King Gyanendra only came to power after his brother, the then King Birendra, and almost all of the royal family were killed, apparently after the crown prince, Dipendra, went on a shooting spree through the royal palace.
Huge areas of the countryside are already under the control of the Maoists, who want to replace the monarchy with a Communist government. The tourism industry, vital to Nepal's struggling economy, is in severe decline because of the insurgency.
King Gyanendra claimed on state television, that he had dismissed the government because it had failed to secure peace with the Maoists or hold elections. "A new cabinet will be formed under my leadership," he said. "This will restore peace and effective democracy in this country within the next three years."
But defender of democracy is an unlikely role for King Gyanendra. He is a known opponent of democratic reforms, and many saw his move as an attempt to take back absolute power. Democracy was reintroduced in 1990 under King Birendra after an earlier abortive attempt in 1959.
Until King Birendra, bowing to popular demand, agreed to become a constitutional monarch, Nepal's kings had absolute power. King Gyanendra was said to be one of the strongest dissenters in the palace to his brother's reforms.
His time came in 2001, when King Birendra and almost the entire royal family were wiped out, apparently by the crown prince. Since then, critics say King Gyanendra has been trying to take back power. In 2002 he dismissed the government of Prime Minister Sher Bahadur Deuba, but he was forced to reappoint Mr Deuba last year after popular protests.
Yesterday Mr Deuba was under house arrest. "We will oppose this step," he told reporters. "The move directly violates the constitution and is against democracy."
His comments were echoed by India, which has been a vital ally for King Gyanendra against the Maoists. "These developments constitute a serious setback to the cause of democracy in Nepal and cannot but be a cause of grave concern to India," the Indian foreign ministry said.

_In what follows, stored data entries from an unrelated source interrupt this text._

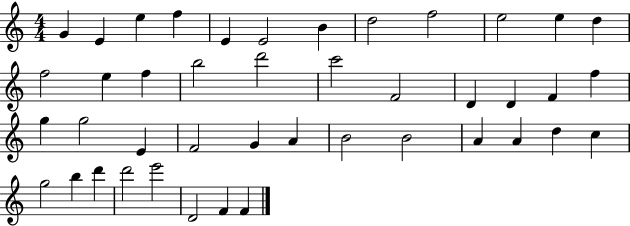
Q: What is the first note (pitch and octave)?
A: G4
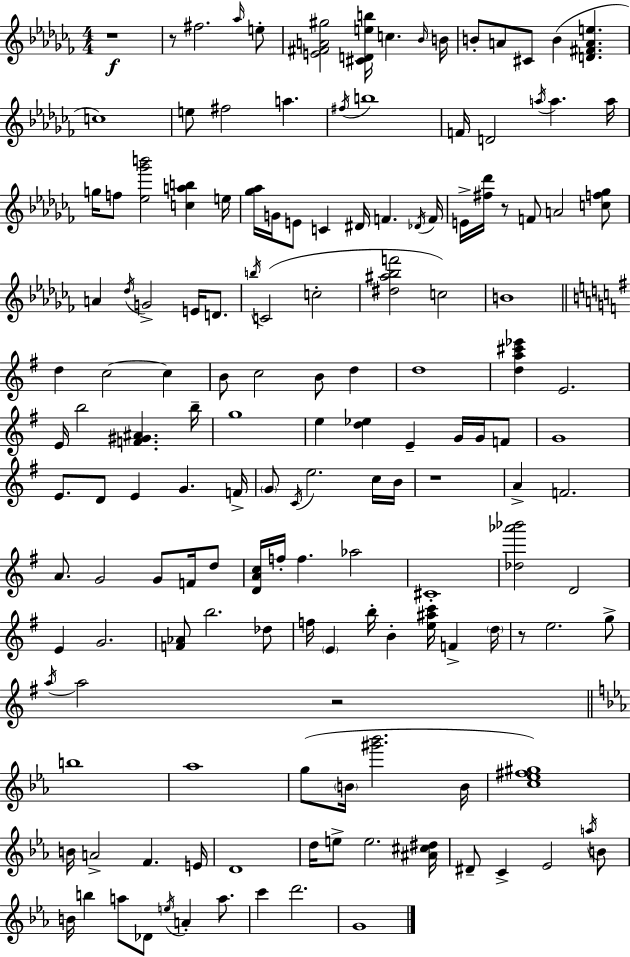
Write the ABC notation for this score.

X:1
T:Untitled
M:4/4
L:1/4
K:Abm
z4 z/2 ^f2 _a/4 e/2 [E^FA^g]2 [^CDeb]/4 c _B/4 B/4 B/2 A/2 ^C/2 B [D^FAe] c4 e/2 ^f2 a ^f/4 b4 F/4 D2 a/4 a a/4 g/4 f/2 [_e_g'b']2 [cab] e/4 [_g_a]/4 G/4 E/2 C ^D/4 F _D/4 F/4 E/4 [^f_d']/4 z/2 F/2 A2 [cf_g]/2 A _d/4 G2 E/4 D/2 b/4 C2 c2 [^d^a_bf']2 c2 B4 d c2 c B/2 c2 B/2 d d4 [da^c'_e'] E2 E/4 b2 [F^G^A] b/4 g4 e [d_e] E G/4 G/4 F/2 G4 E/2 D/2 E G F/4 G/2 C/4 e2 c/4 B/4 z4 A F2 A/2 G2 G/2 F/4 d/2 [DAc]/4 f/4 f _a2 ^C4 [_d_a'_b']2 D2 E G2 [F_A]/2 b2 _d/2 f/4 E b/4 B [e^ac']/4 F d/4 z/2 e2 g/2 a/4 a2 z2 b4 _a4 g/2 B/4 [^g'_b']2 B/4 [c_e^f^g]4 B/4 A2 F E/4 D4 d/4 e/2 e2 [^A^c^d]/4 ^D/2 C _E2 a/4 B/2 B/4 b a/2 _D/2 e/4 A a/2 c' d'2 G4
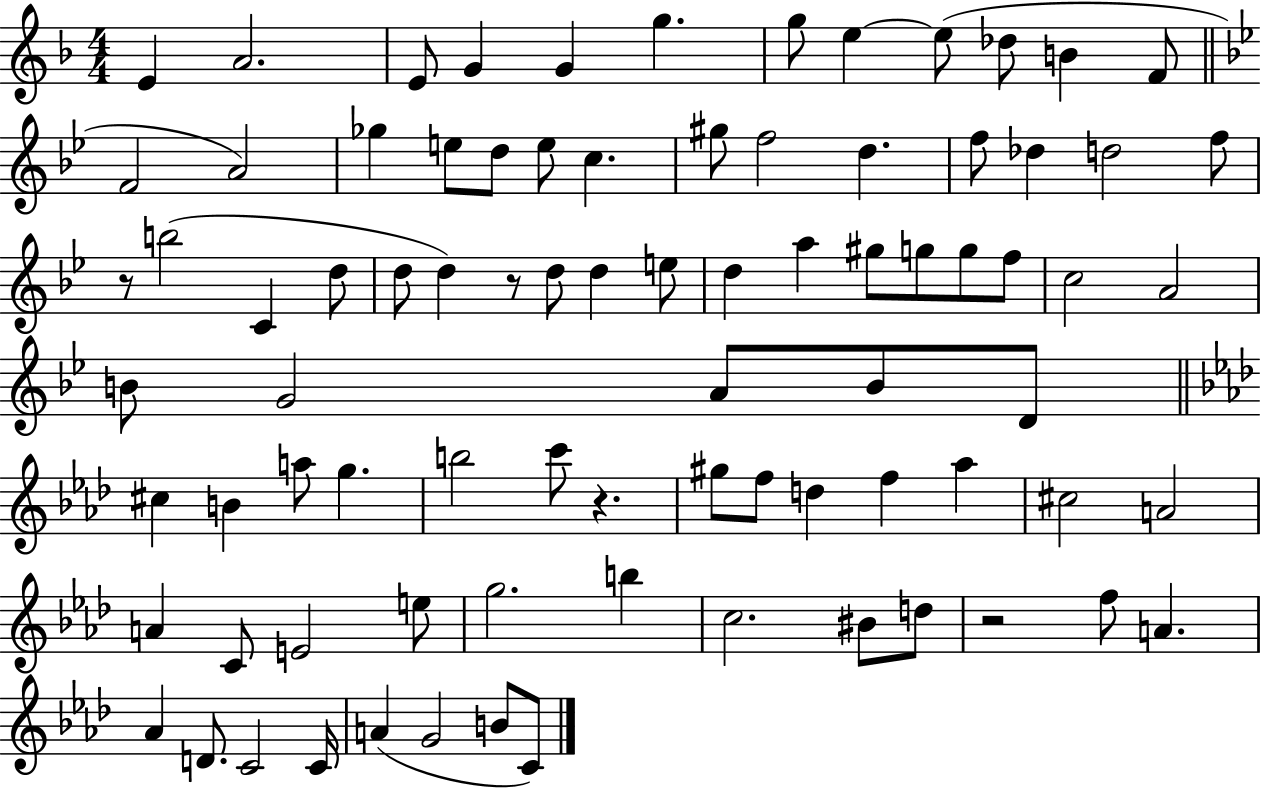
E4/q A4/h. E4/e G4/q G4/q G5/q. G5/e E5/q E5/e Db5/e B4/q F4/e F4/h A4/h Gb5/q E5/e D5/e E5/e C5/q. G#5/e F5/h D5/q. F5/e Db5/q D5/h F5/e R/e B5/h C4/q D5/e D5/e D5/q R/e D5/e D5/q E5/e D5/q A5/q G#5/e G5/e G5/e F5/e C5/h A4/h B4/e G4/h A4/e B4/e D4/e C#5/q B4/q A5/e G5/q. B5/h C6/e R/q. G#5/e F5/e D5/q F5/q Ab5/q C#5/h A4/h A4/q C4/e E4/h E5/e G5/h. B5/q C5/h. BIS4/e D5/e R/h F5/e A4/q. Ab4/q D4/e. C4/h C4/s A4/q G4/h B4/e C4/e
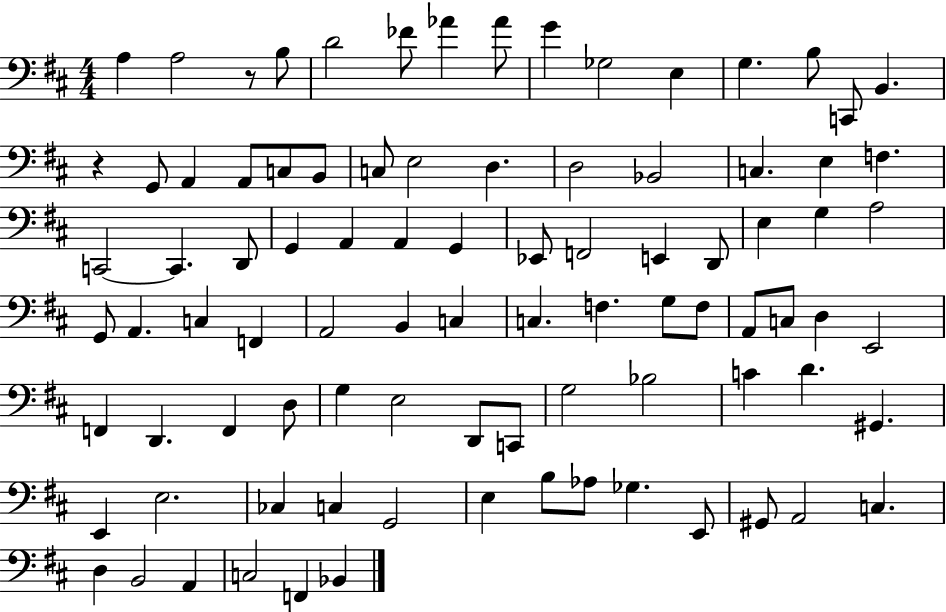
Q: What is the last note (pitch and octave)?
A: Bb2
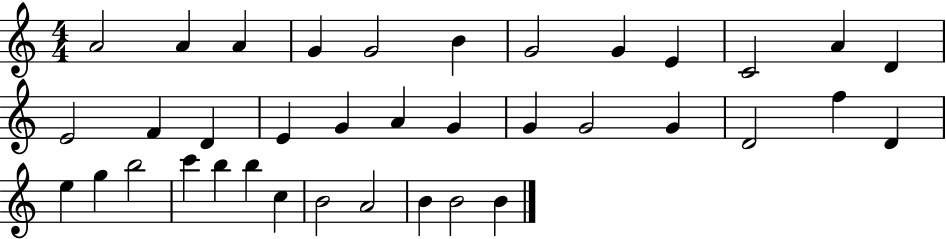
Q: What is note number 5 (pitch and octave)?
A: G4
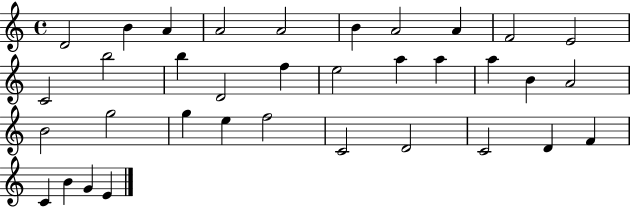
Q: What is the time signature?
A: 4/4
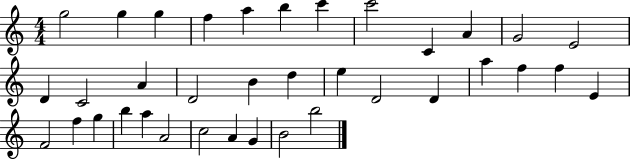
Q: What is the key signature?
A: C major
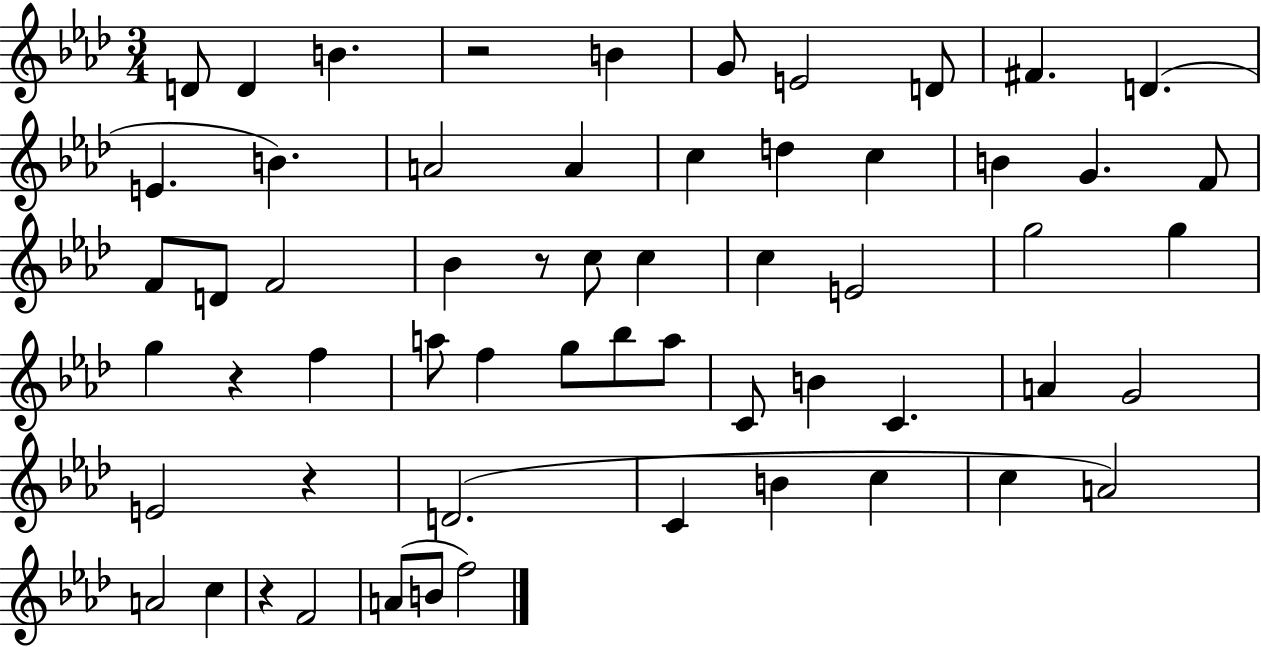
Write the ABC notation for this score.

X:1
T:Untitled
M:3/4
L:1/4
K:Ab
D/2 D B z2 B G/2 E2 D/2 ^F D E B A2 A c d c B G F/2 F/2 D/2 F2 _B z/2 c/2 c c E2 g2 g g z f a/2 f g/2 _b/2 a/2 C/2 B C A G2 E2 z D2 C B c c A2 A2 c z F2 A/2 B/2 f2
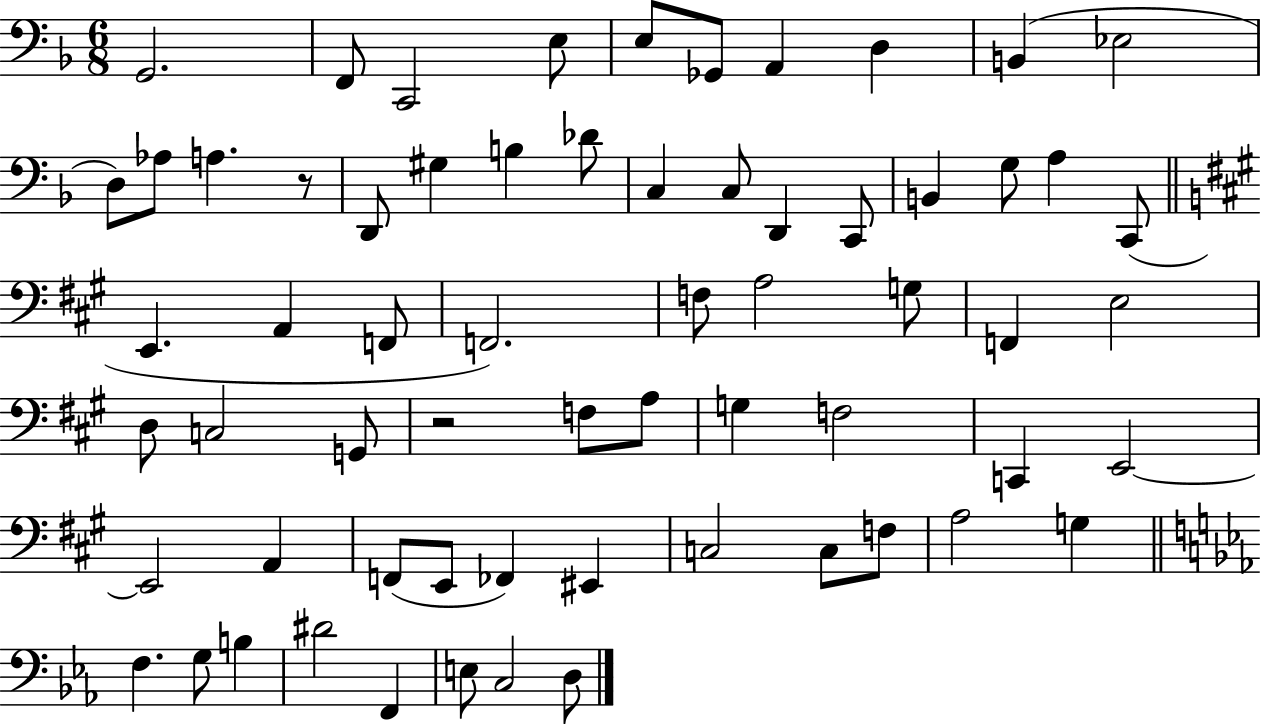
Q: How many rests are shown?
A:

King Gyanendra cannot afford to ignore this message. Facing its own Maoist insurgency in several states, India has backed the Nepalese government, but yesterday's statement showed its patience is wearing thin. Until the royal massacre of 2001, the monarchy was popular in Nepal, not least because the Hindu majority believe them to be incarnations of the god Vishnu.
But the popularity of the monarchy has plummeted since 2001. The dour King Gyanendra has never been as well liked as his brother, and rumours have persisted that he somehow engineered the massacre to take power, not least because he and his deeply unpopular son, Paras Shah, were among very few survivors.